At six-and-a-half years of age, the wide-eyed youngster took in English football’s annual showpiece hoping to see Watford win but became struck by the wonder of the boys in blue.

Graeme Sharp and a controversial second from Andy Gray handed Toffees the trophy and that was it – they had inadvertently won Howe’s heart.

“I remember watching that great Everton team many, many times and they certainly played some very good football,” Howe told the Daily Echo ahead of Cherries facing his childhood team in a league match for the first time today (3pm).

“I don’t think you really take it in but on a subconscious level, it shapes your views and how you enjoy the game being played.

“Many others over the years have inspired me and made me fall in love with the game but Everton, in that spell in the 80s and for a time in the 90s, were a formidable side.

“One of my big inspirations is wide play. I am obsessed by certain things in football, how full-backs and wide players develop relationships and how partnerships within teams come together.

“If you look at that Everton team, the partnerships from the two centre-halves, the two midfielders, the wide players and full backs and the two centre-forwards, they were all in sync. It was very much a feature of what they did.”

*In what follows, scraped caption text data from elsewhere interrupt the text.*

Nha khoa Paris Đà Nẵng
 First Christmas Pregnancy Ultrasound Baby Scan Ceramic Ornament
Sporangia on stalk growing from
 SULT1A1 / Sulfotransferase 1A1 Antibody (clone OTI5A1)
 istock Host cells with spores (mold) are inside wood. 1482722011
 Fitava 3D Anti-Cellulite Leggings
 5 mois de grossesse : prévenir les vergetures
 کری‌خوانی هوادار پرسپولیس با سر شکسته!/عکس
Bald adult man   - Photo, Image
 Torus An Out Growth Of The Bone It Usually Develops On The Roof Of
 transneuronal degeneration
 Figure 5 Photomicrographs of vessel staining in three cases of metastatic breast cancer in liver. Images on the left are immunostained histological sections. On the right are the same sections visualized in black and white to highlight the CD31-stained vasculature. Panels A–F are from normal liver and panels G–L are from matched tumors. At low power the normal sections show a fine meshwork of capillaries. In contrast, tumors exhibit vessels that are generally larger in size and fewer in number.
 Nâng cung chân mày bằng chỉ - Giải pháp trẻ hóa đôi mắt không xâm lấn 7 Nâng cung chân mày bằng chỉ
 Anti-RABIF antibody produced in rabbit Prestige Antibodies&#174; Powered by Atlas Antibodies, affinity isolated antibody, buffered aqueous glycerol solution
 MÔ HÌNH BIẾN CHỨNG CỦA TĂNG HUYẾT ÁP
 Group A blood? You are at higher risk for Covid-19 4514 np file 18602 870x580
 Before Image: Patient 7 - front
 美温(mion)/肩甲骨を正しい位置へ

Fast forward a decade and Howe began to force his way into the first team at Dean Court but any hope of becoming one of those dazzling wizards soon got extinguished.

His school of hard knocks did, however, push him towards the meticulous nature that would serve him so well in management.

“I’d have been the slowest winger in the history of the world,” he quipped.

“I think every defender is a bit of a frustrated attacker. I was certainly frustrated that I wasn’t better technically so I had to make do as a defender and especially with my height, that was sometimes difficult.

“I was always the type of player that had to think about the game and maybe my lack of an outstanding attribute contributed to that. If I had been lightning quick, I could have knocked the ball and ran, had I been six-foot-four I could have just stood there and headed it.

The fact I came out the size I did meant I had to be quite intelligent in what I did to be successful at the sport.

“The managers I played for forced that upon me. I remember Mel Machin having many chats with me to say ‘if you hit long balls, you won’t play in this team. You have to learn to pass the ball and pass it effectively’.

“They were great conversations for a 17-year-old who knew nothing about football trying to forge a career. I was blessed to have some very good managers who steered me in the right direction.”

Another 20-odd years on, with Howe turning 38 on Sunday, those old habits die hard.

Week after week, the Cherries boss reiterates his desire to stick to the principles that have brought him success with the latest incumbent at Goodison Park providing professional inspiration to this day.

“The very best managers, the people I admire the most, they have never changed or wavered,” said Howe.

“Roberto Martinez never changed his style at Wigan and his team got better and better because they had a consistency in their way of working.

“That is certainly what we are trying to establish here and I would like to think we will get our rewards for that at some stage.

“Whatever your way is, you have to have a method. If you don’t, what are you going to do day to day?”